"""
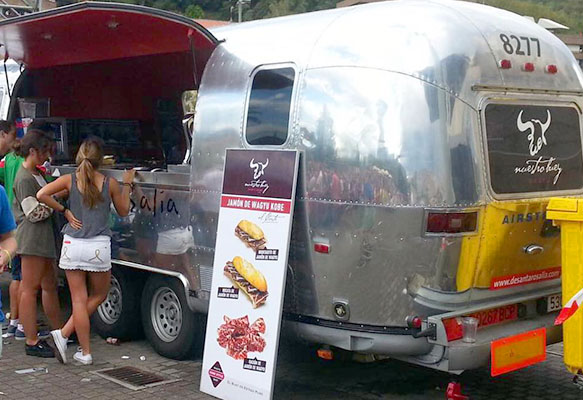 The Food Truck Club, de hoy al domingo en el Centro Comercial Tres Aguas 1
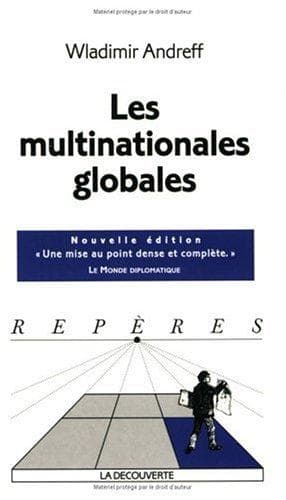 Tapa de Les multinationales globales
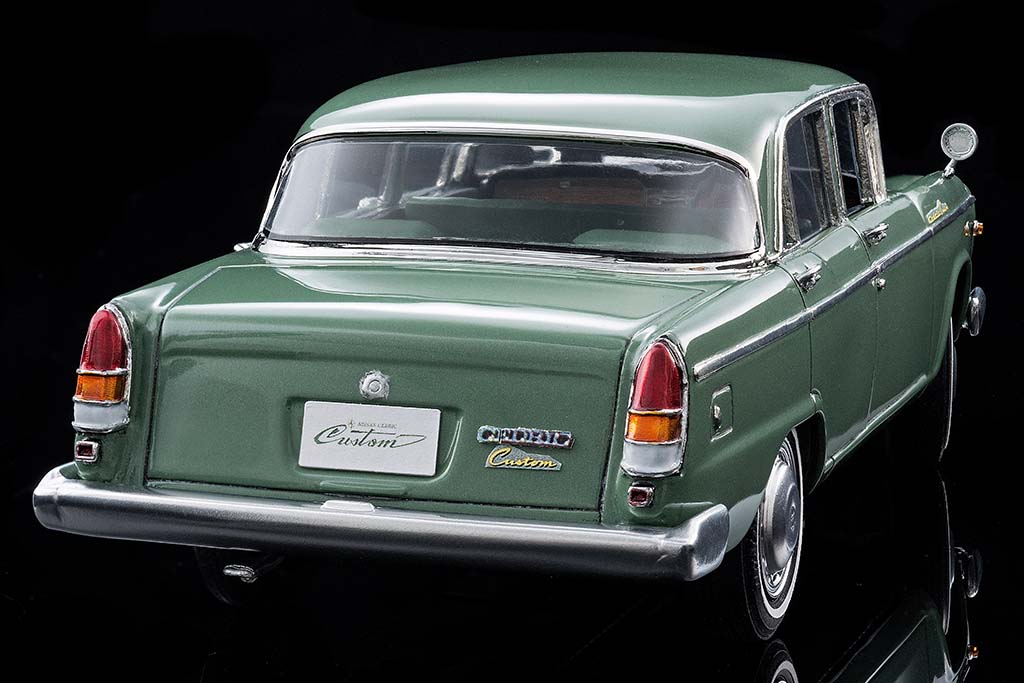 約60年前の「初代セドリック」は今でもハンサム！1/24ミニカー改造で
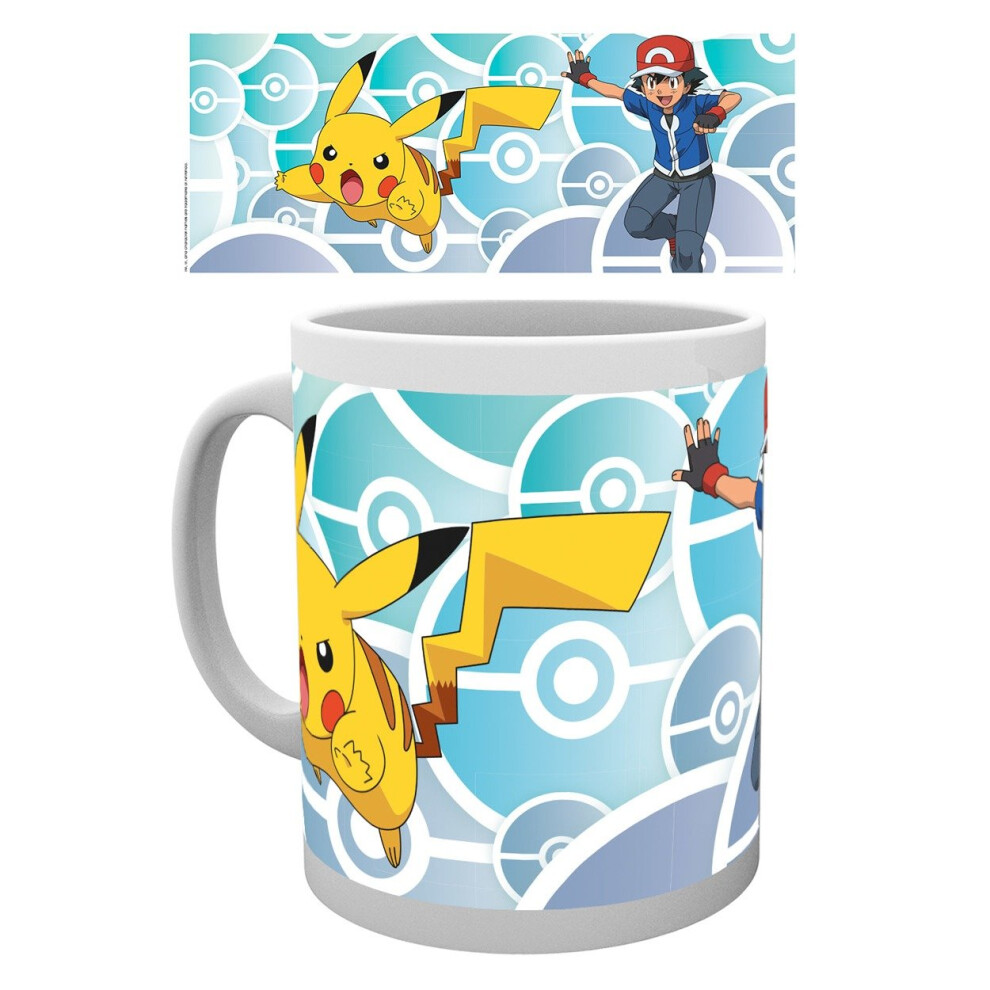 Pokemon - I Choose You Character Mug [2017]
"""
== WORK INSTRUCTIONS ==
Every line of the data above should be quoted exactly. Omit the pictures.

== SOLUTION TO THIS PROBLEM ==
 The Food Truck Club, de hoy al domingo en el Centro Comercial Tres Aguas 1
 Tapa de Les multinationales globales
 約60年前の「初代セドリック」は今でもハンサム！1/24ミニカー改造で
 Pokemon - I Choose You Character Mug [2017]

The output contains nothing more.